It’s not a question.
This is not an answer.
I freely admit that I am a very boring person. I do the same things every day over and over. The sameness and structure keep me healthy and sane. Boring is good. I haven’t always been boring. I used to be an exciting drama queen. And my life was a chaotic mess and I was very MI. I don’t ever want to go back to those days.
By some definitions; yes. By some definitions; no.
I was reading a book earlier about physics. Boring right? But in those words and equations there is not just some dry and inaccessible material which most don’t care about, but it depend on how you look at it. To me, I see the secrets of the universe being revealed, albeit slowly, in front of my very eyes. I read a section about how light passes through different media at different speeds, and then I look at a prism, and see that the light is “bent” into different visible parts of the electromagnetic spectrum. And that knowledge gives me, even though only in a small way, an increased understanding of how a spectroscope works: and that device is used to measure the light given off by stars millions of light years away. And in that, there is a small piece of the puzzle which our universe in composed of. And that’s what I’ve gleaned from a book about physics which I knew nothing about until the book arrived yesterday. And moreover, that’s knowledge which has been gained just from looking at symbols written in ink on a piece of tree manufactured into paper. Yes it’s all just words, but those words mean something, even if that meaning is different for different people. That’s what I think anyway.
May be i am not sure
I’m unique, nothing else
Once a guy told me, you are special. I seemed confused and he added ’ in a very good way’
Maybe because I asked him why he was interested in me and did not have a girlfriend. I also tried helping him get on a dating site.
In my language we say
Akkkkkkkh. It is pronounced as Ahhhhhhhhhhh in Arabic. It means like I have so much to be sorry for.
I love my routine too even if I complain. It keeps me sane. I have a mediocre life, I am not who I used to be.
If I skip my skincare, I feel cranky the next day. If I am not in my bed at 9 - 10 pm I feel so grumpy and irritated.
I’m so boring. But I’m rarely bored.
I think I’m boring. I don’t have a job, I don’t go to school. I spend most of my time sitting around, smoking cigarettes, hanging out with my gf/family, drinking coffee, and meditating.
that sounds like a good life.
Besides the smoking cigarettes and sometimes drinking too much coffee, it is.
I’m boring on meds…no matter how scary it can be I find I’m never boring (or bored) when I’m psychotic. I kind of miss it…
Yes to the extreme. But I have some good days
I’m boring. I go to the store, listen to the radio, watch the news, drink tea or lattes.

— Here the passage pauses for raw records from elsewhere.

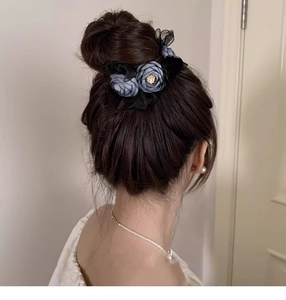 Detail of dark blue fabric flower hair claw clip on model's bun with golden accents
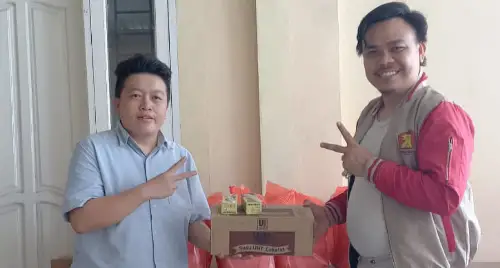 Berita Foto: Kebersamaan TKD Prabowo-Gibran Sulut Bagi Makanan dan Susu Gratis ke Ribuan Warga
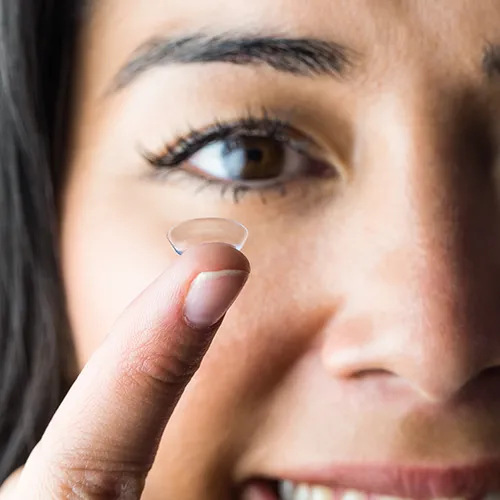 mulher segurando com um dedo as lentes de contato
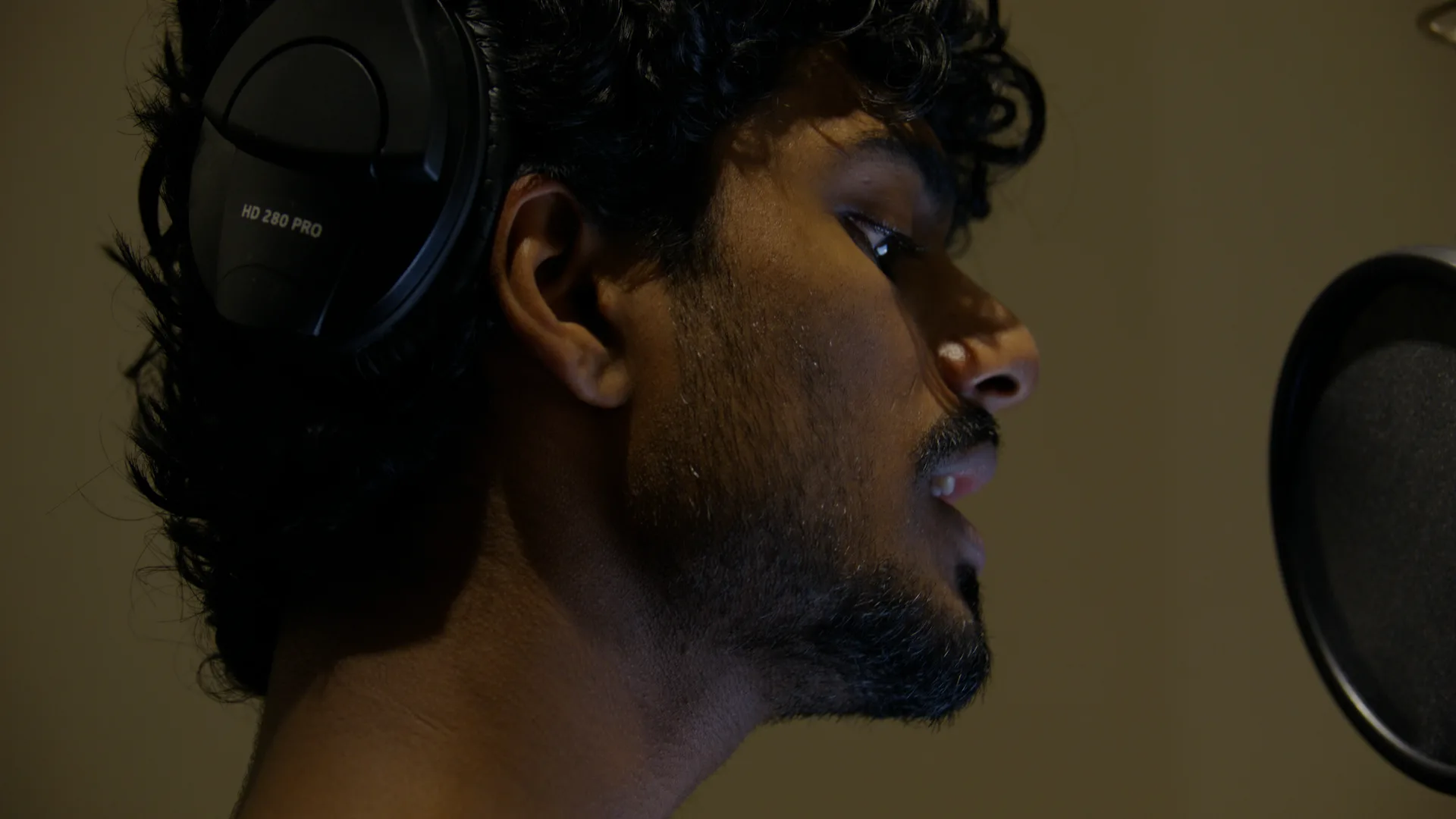 Singer in headphones in profile at the mic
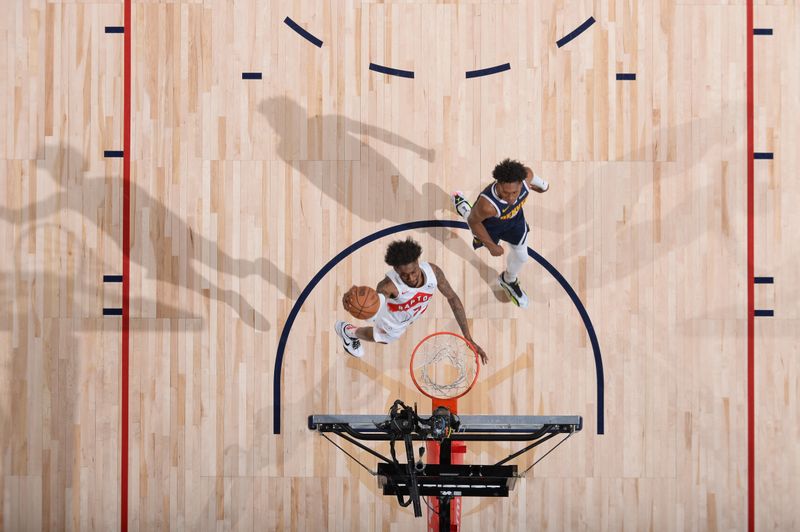 DENVER, CO - MARCH 11: Jalen McDaniels #2 of the Toronto Raptors dunks the ball during the game against the Denver Nuggets on March 11, 2024 at the Ball Arena in Denver, Colorado. NOTE TO USER: User expressly acknowledges and agrees that, by downloading and/or using this Photograph, user is consenting to the terms and conditions of the Getty Images License Agreement. Mandatory Copyright Notice: Copyright 2024 NBAE (Photo by Bart Young/NBAE via Getty Images)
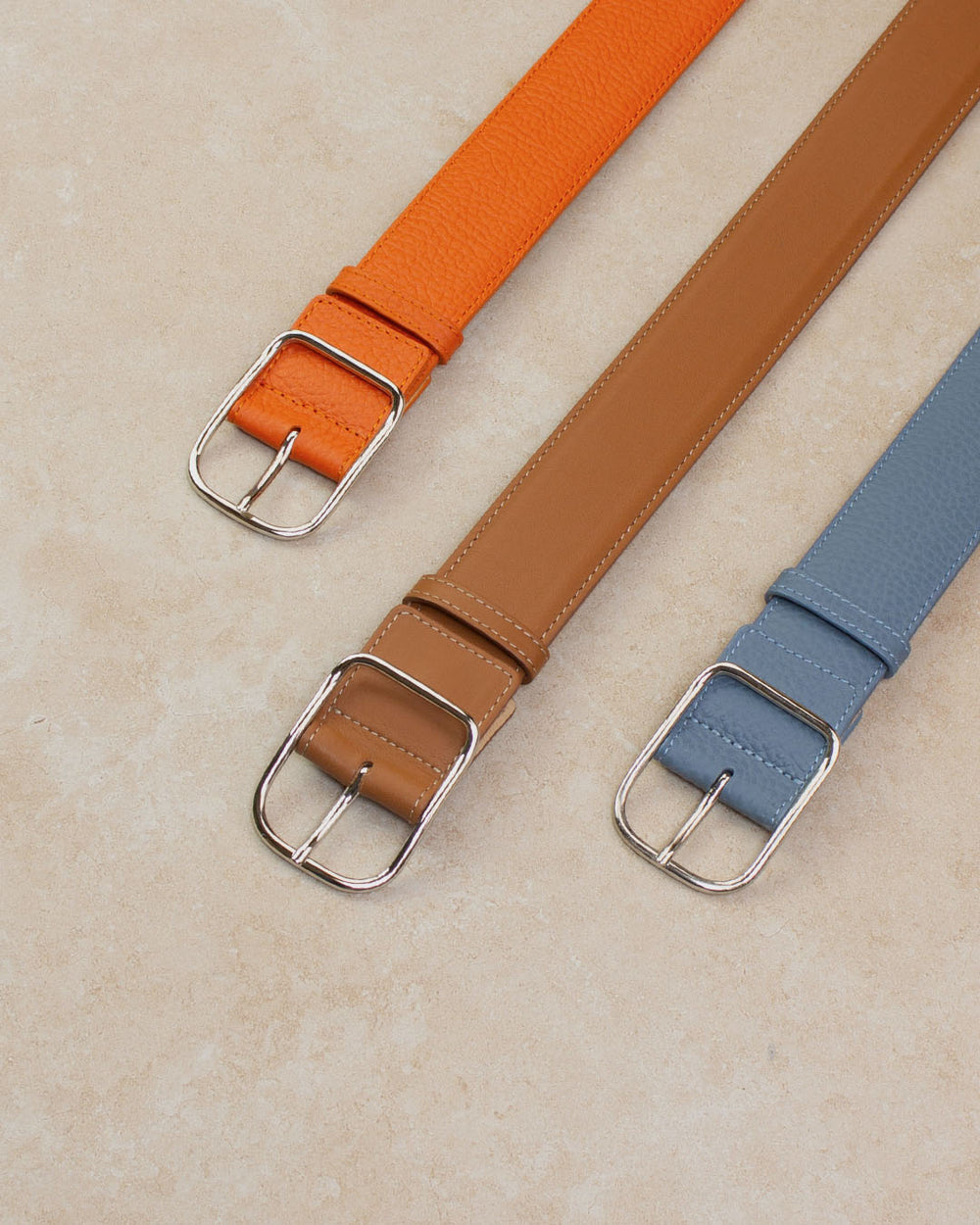 Nos ceintures James Renouard en cuir vintage camel,  orange et bleu cobalt vues en ambiance.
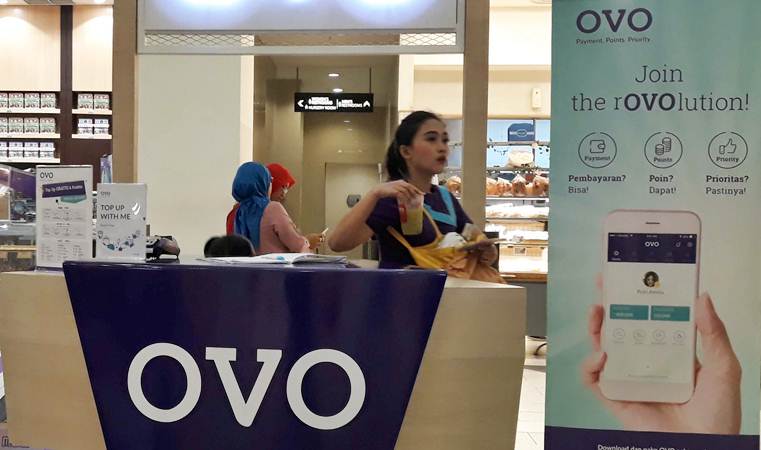 Karyawan melintas di gerai transaksi pembayaran digital OVO, di Jakarta, Senin (25/3/2019). - Foto: Bisnis/Endang Muchtar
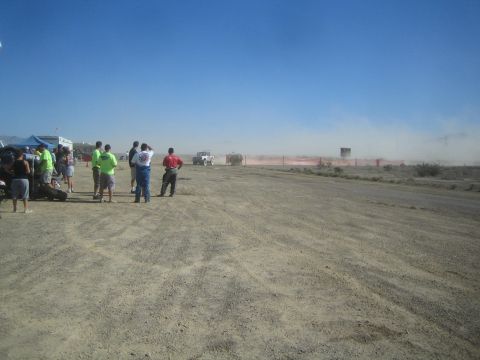 1990 Ford Bronco - Spectators gather near tents along a dusty desert dirt course as a race truck raises dust far down the track.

Sometimes go for walks
I like things the same too. I guess I’m boring that way too. I got upset that the store I shop at changed everything around, because I have to look for things now. I like knowing where stuff is when I shop. So everything took longer, and stressed me out. I’ll get over it, it just was very irritating. I like my routine, helps my stability it seems at least some.
Yes. I’m catastrophically boring. It keeps people away. I think that is what I want.
There is a lot to be said for appreciating the simple pleasures.
my sza plus my personality make me an interesting person. I’m also naturally a mysterious person. I draw inspiration from the underground music and fashion scene primarily. I’m what is considered “woke”
I strive to be anything but boring. I’m a spicy kind of guy.
Im a stranger to myself. But today i discovered something about myself…i never say no to gifts from other people…i say thank you for them but i dont mean it…i just take everything and i dont ask myself if i deserve those things.